PepKit is a modular, peptide-centric Python toolkit designed to support **end-to-end computational peptide workflows**, from sequence processing and descriptor calculation to structural modeling, confidence assessment, and docking-oriented analysis.

The package is built with **reproducibility, scalability, and interoperability** in mind, making it suitable for:

- Peptide–protein interaction studies  
- Machine-learning–ready dataset construction  
- Structural bioinformatics and docking benchmarks  
- Large-scale peptide screening and analysis pipelines  

---

## ✨ Key Features

### 1️⃣ Sequence I/O & Standardization
- Convert between **FASTA** and **SMILES** formats (`fasta_to_smiles`, `smiles_to_fasta`).
- Validate and standardize peptide sequences (canonical residues, charge models).
- Batch processing for lists and pandas DataFrames.

### 2️⃣ Physicochemical Descriptors & Clustering
- Compute peptide-level descriptors (molecular weight, charge, hydrophobicity, pI).
- Generate descriptor tables for ML pipelines.
- Cluster peptide libraries based on sequence or chemical similarity.

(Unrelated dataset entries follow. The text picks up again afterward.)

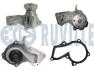 Водяна помпа Ford Fiesta V, VI, Focus II, Mondeo IV 1.25/1.4/1.6 11.01- RUVILLE 561422A (фото 1)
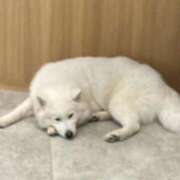 ヒメ日記 2026/01/03 16:01 投稿 和花-NODOKA- luxury aroma 咲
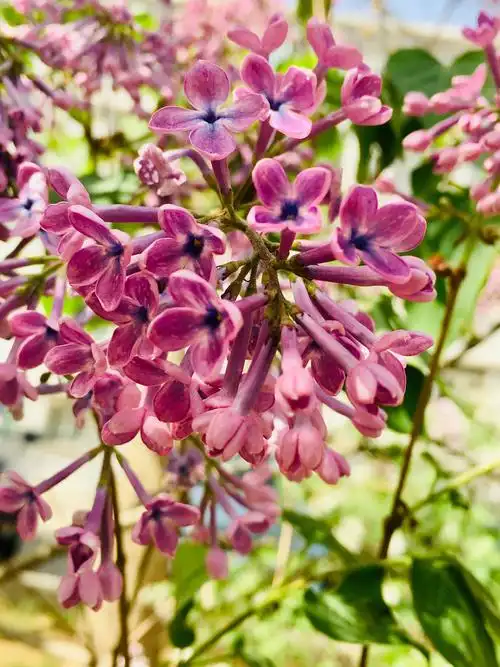 紫丁香清雅高贵,香气浓郁,花开季节,繁华满树,清新香味沁人心脾,格外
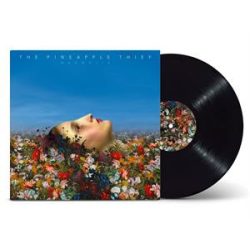 PINEAPPLE THIEF - Magnolia / vinyl bakelit / LP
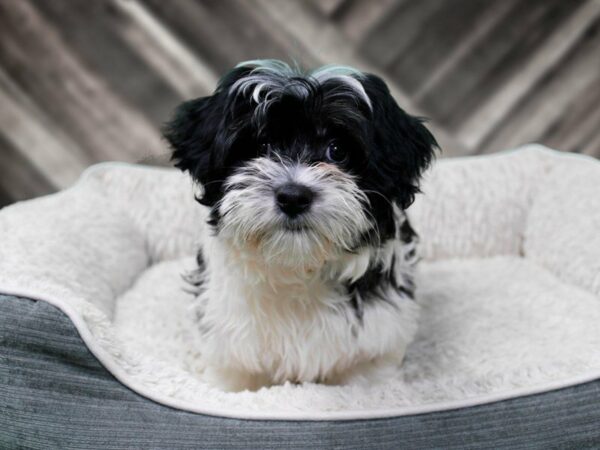 Havanese-DOG-Male-WH/BLK-22576-Petland Racine, Wisconsin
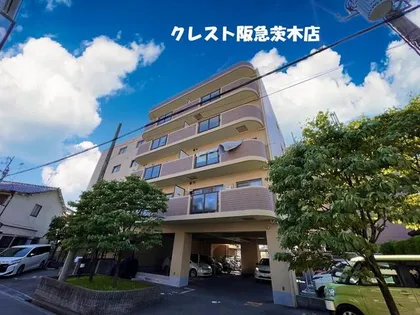 エクセルニシジマの画像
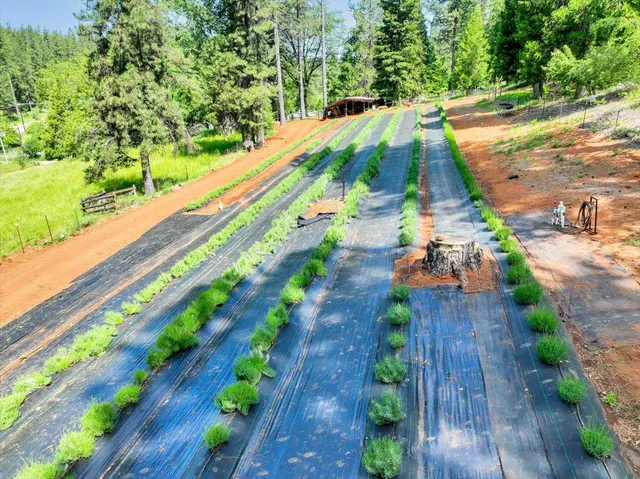 $1,099,000 | 14833 Quail Pointe Lane, Grass Valley, CA 95945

### 3️⃣ Structural Modeling & Confidence Metrics
- Post-process **AlphaFold / AlphaFold-Multimer** outputs.
- Compute confidence metrics:
  - pLDDT (global, peptide, interface)
  - PAE (interface-aware)
  - pTM / ipTM / composite pTM
  - pDockQ, pDockQ2, MPDockQ
- Optional **DockQ** evaluation against experimental structures.

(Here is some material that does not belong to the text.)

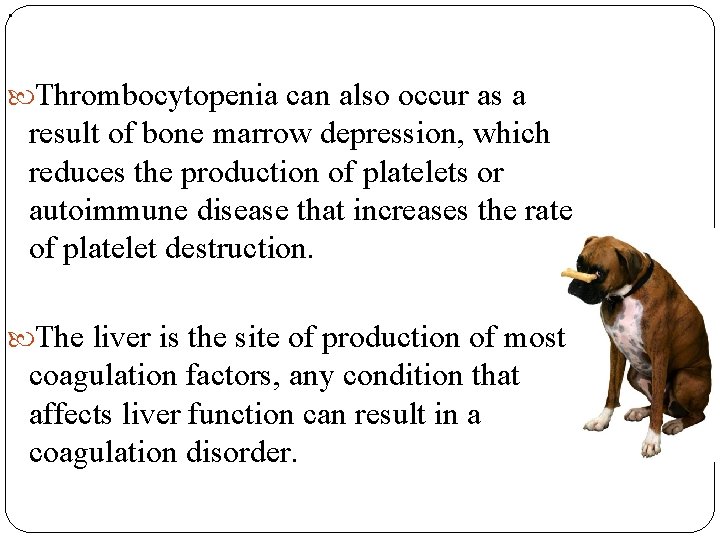 . Thrombocytopenia can also occur as a result of bone marrow depression, which reduces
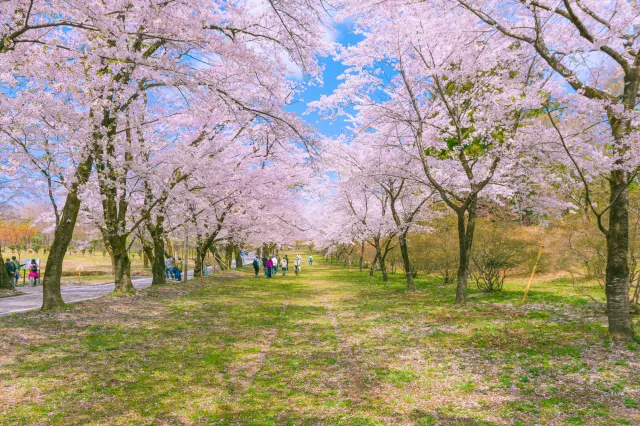 赤城山南麓綿延約1.3公里的櫻花並木，美得令人屏息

### 4️⃣ Peptide–Protein Dataset Construction
- Automated querying of **RCSB PDB** for peptide–protein complexes.
- Heuristic peptide-chain detection and interface extraction.
- CSV + FASTA export for benchmarking and ML.

### 5️⃣ Docking & Benchmark Pipelines
- Prepare inputs for docking and scoring workflows.
- Integrate predicted and experimental metrics in unified tables.
- Designed to interoperate with Rosetta, AlphaFold, and downstream scoring tools.

---

## 📦 Installation

### Install from PyPI
```bash
pip install pepkit
```

### Development installation
```bash
git clone https://github.com/Vivi-tran/PepKit.git
cd PepKit
pip install -e .
```

## 🚀 Quickstart

This section shows how to get started with **PepKit** in just a few lines of code, covering the most common peptide-centric tasks.

---

### 🔹 Sequence Conversion

Convert between peptide **FASTA** and **SMILES** representations:

```python
from pepkit.conversion import fasta_to_smiles, smiles_to_fasta


# FASTA → SMILES
seq = "ACDEFGHIK"
smiles = fasta_to_smiles(seq)
print("SMILES:", smiles)

# SMILES → FASTA
back_seq = smiles_to_fasta(smiles)
print("FASTA:", back_seq)
```


## 📚 Documentation

Full documentation is available at:

👉 **https://pepkit.readthedocs.io/en/latest/**


## License

This project is licensed under MIT License - see the [License](LICENSE) file for details.